Data extracts:
-.-.-
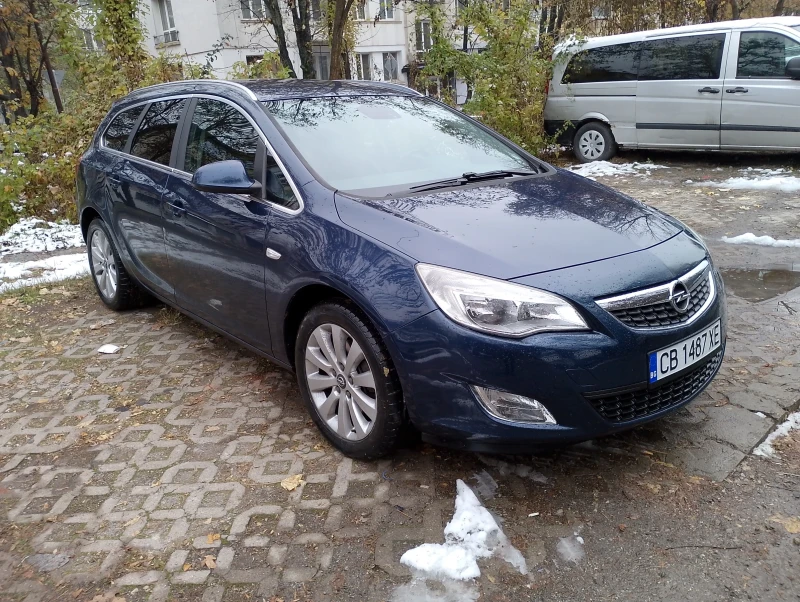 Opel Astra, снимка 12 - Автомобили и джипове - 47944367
-.-.-
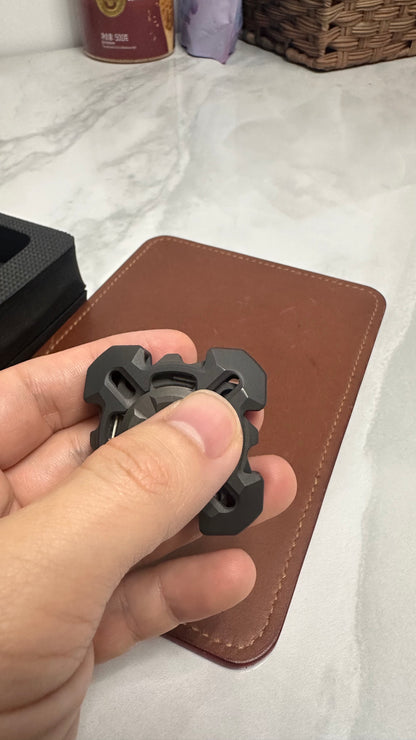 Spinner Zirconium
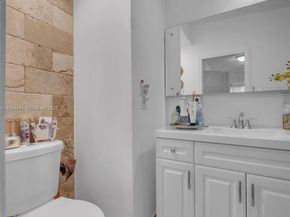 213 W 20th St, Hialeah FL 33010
-.-.-
Task brief: Everything above from the line containing "Spinner Zirconium" down to the line containing "213 W 20th St, Hialeah FL 33010" is to be duplicated exactly, both lines included, and the pictures are to be omitted.

Your solution:
 Spinner Zirconium
 213 W 20th St, Hialeah FL 33010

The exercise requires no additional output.